Lectures: 2 sessions / week, 1.5 hours / session

Subject Description

This class is a survey of significant orchestral masterworks composed during three centuries. Since this is a participatory subject, each student will give oral presentations concerning composers and their symphonies and/or concertos. Prior score-reading experience is helpful.

Quizzes

There will be two quizzes during the term (worth 40% of the total grade, or 20% for each quiz). Each quiz will consist of (1) concepts concerning the development of our two genres and (2) excerpts drawn from our assigned pieces. Each quiz will be preceded by a review class, during which no new pieces will be introduced. All excerpts on the final quiz (FQ) will be from the pieces that we discuss after the mid-semester quiz (MSQ).

Presentations

Each student will give four to six brief presentations (worth 30% of the total grade).

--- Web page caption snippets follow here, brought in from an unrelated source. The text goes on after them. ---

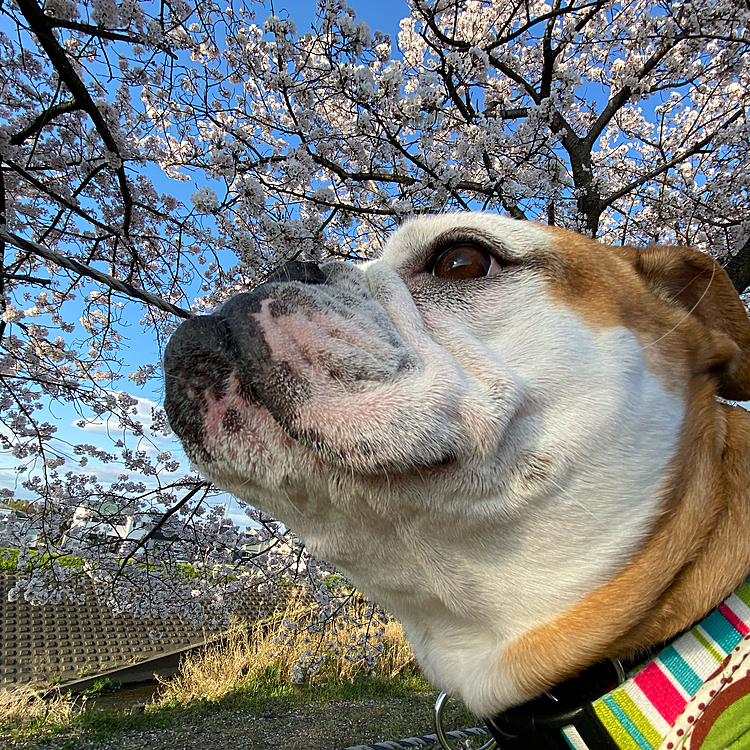 今日も肌寒い中、桜が散る前に見てきました🌸
今日はお友達がいなかったので、落ち着いて見ることができました😊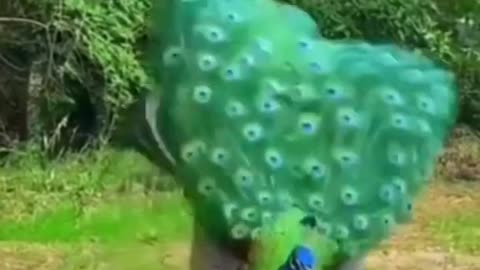 sooo cute and beautiful peacock (moare) cute animal world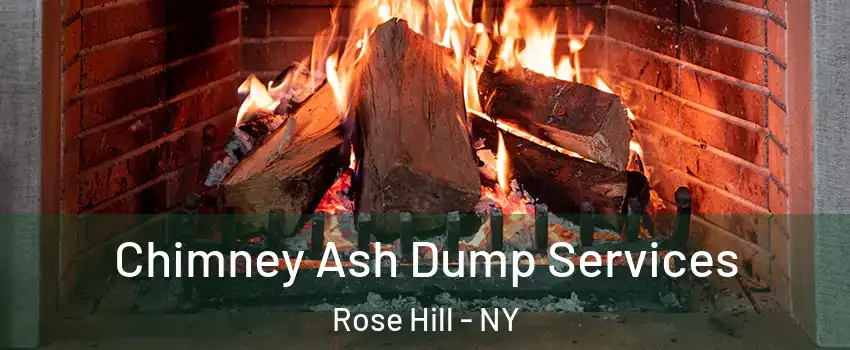 Chimney Ash Dump Services Rose Hill - NY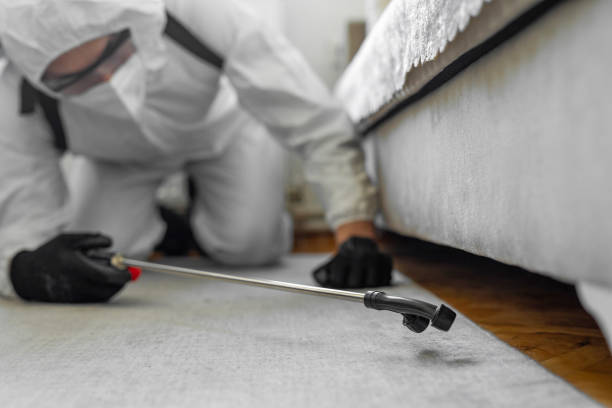 Professional Fumigation Services technician working in Marshall County County, MS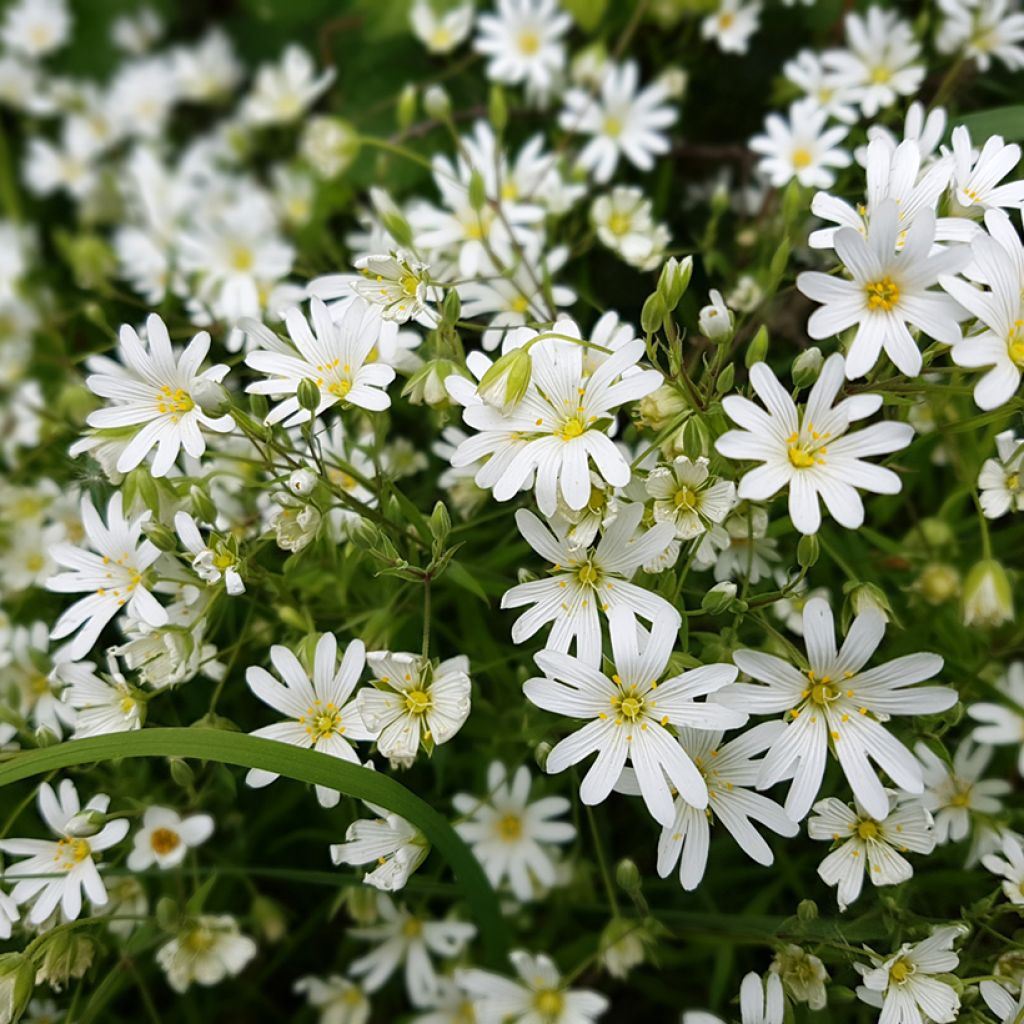 Stellaria holostea - Estrellada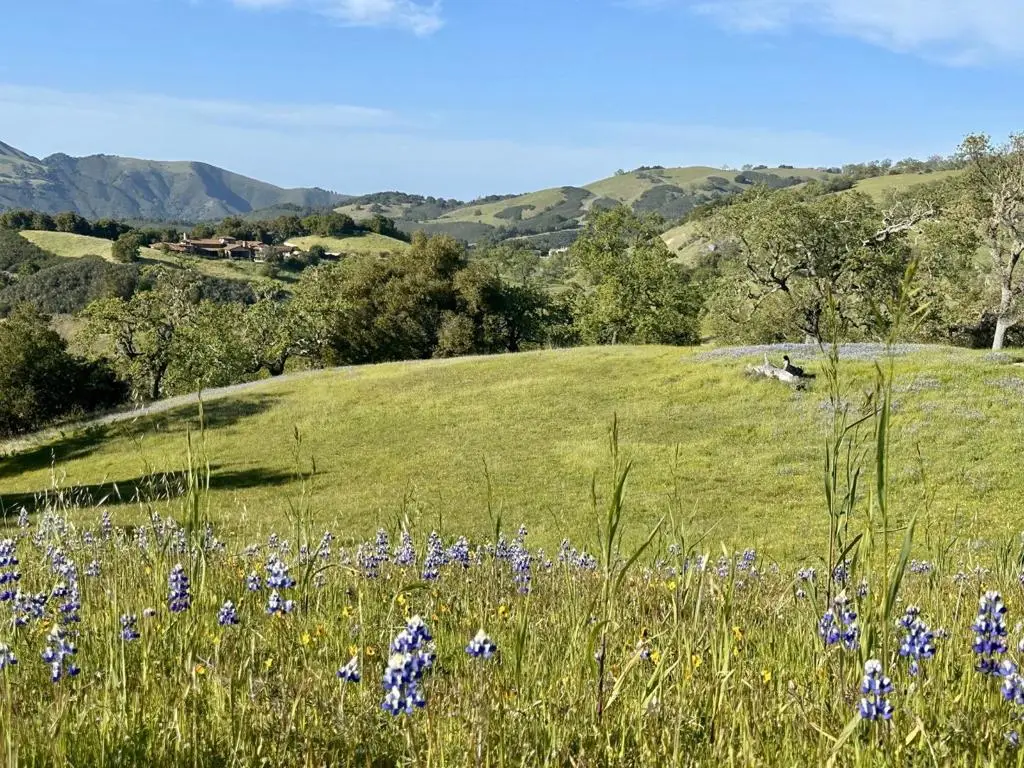8 Touche, Carmel, CA 93923 - #1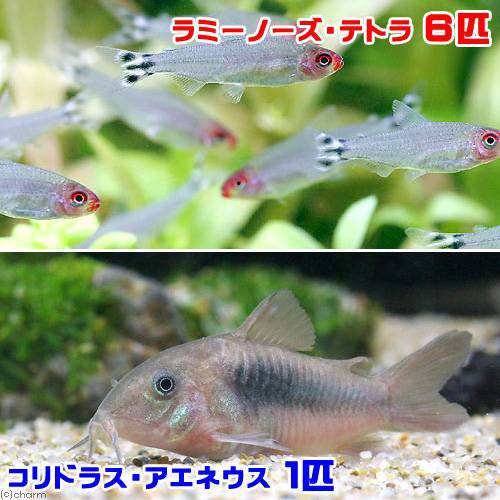 熱帯魚 ラミーノーズ テトラ ブリード ６匹 コリドラス アエネウス １匹 北海道航空便要保温の通販はau Pay マーケット チャーム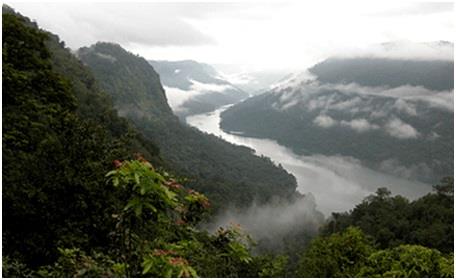 Agumbe - A tropical rain-forest in the heart of South India in New York, NY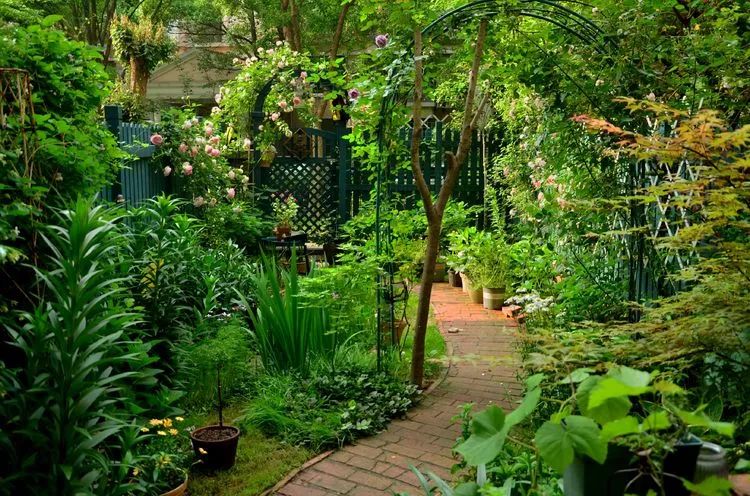 90后夫妻用4年时间，在魔都造了60平米花园，遛狗逗猫，好不惬意~-91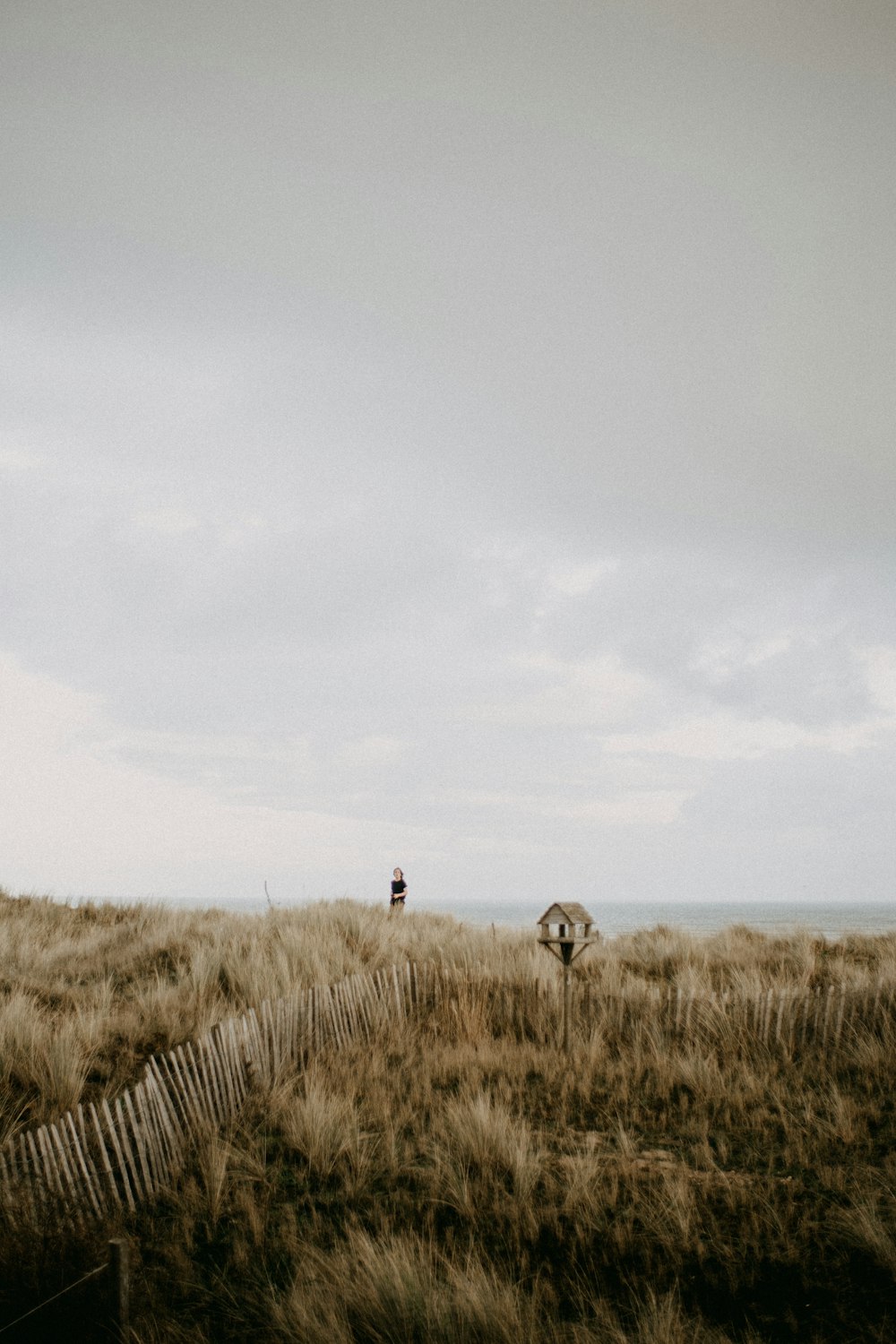 a couple of people standing on top of a grass covered field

The precise number you give will depend on the size of the class. Each presentation will concern aspects of a single movement, such as formal structure, character of the themes, the most climactic passage(s), and/or 2-3 recorded performances. The student must also prepare a handout that accompanies the presentation, summarizing such features.

Papers

Each student will write three papers (30% of total grade, or 10% for each one). Each will provide an analytical review of the performance of the symphony(s) and/or concerto(s) you heard at a concert you attended. Each will be 3-5 pages long.

Grading Criteria

ACTIVITIES PERCENTAGES
Two quizzes (20% each) 40%
Presentations 30%
Three papers (10% each) 30%

Listening Assignments

Listening assignments are the focus of 21M.271. Our 54 works include 27 symphonies and 27 concertos by 40 composers. There is only one work by most, but 6 by Mozart, 5 by Beethoven and 2 each by Schubert, Brahms, Tchaikovsky and Stravinsky. Ten works are from the 18th century, 17 from the 19th, and 27 from the 20th. Before the mid-semester quiz (MSQ), there are 27 works on 11 assignments; 22 of them are complete. After the MSQ, there are 27 works on 9 assignments; 17 of them are complete. The time required per assignment is 64 minutes before the MSQ and 69 minutes after the MSQ.

Scores

18 inexpensive Dover miniature scores are to be purchased. All but the first and last of our 20 classes with listening assignments will begin with a piece from one of our 18 Dover scores. Four of these scores contain 2-6 works, and our assignments include 23 Dover works, placed in chronological order. Dover works will serve as the basis for most of your oral presentations. Score-reading is not a pre-requisite for 21M.271, and it will not be "tested" on quizzes. But discovering (via seeing as well as hearing) the form, orchestration, expressive character and other salient features in a work of music is part of your learning process in 21M271.

Readings

Our reading assignments are listed after the titles of individual pieces. These "program note" analyses will greatly facilitate your "discovery" of salient features of a work. Be sure to read them before you give a presentation, attend a concert or write a concert report.

[MSC] Steinberg, Michael. The Concerto. New York, NY: Oxford University Press, 1998. ISBN: 9780195103304.

[MSS] ———. The Symphony. New York, NY: Oxford University Press, 1995. ISBN: 9780195061772.

[PS] Stedman, Preston. The Symphony. 2nd ed. Englewood Cliffs, NJ: Prentice-Hall, 1992. ISBN: 9780138800550.

[LC] Cuyler, Louise. The Symphony. 2nd ed. Warren, MI: Harmonie Park Press, 1995. ISBN: 9780899900728.

[MR] Roeder, Michael. A History of the Concerto. Portland, OR: Amadeus Press, 1994. ISBN: 9780931340611.

[DT] Tovey, Donald. Essays in Musical Analysis. Vols. I-IV and VI. New York, NY: Oxford University Press, 1935.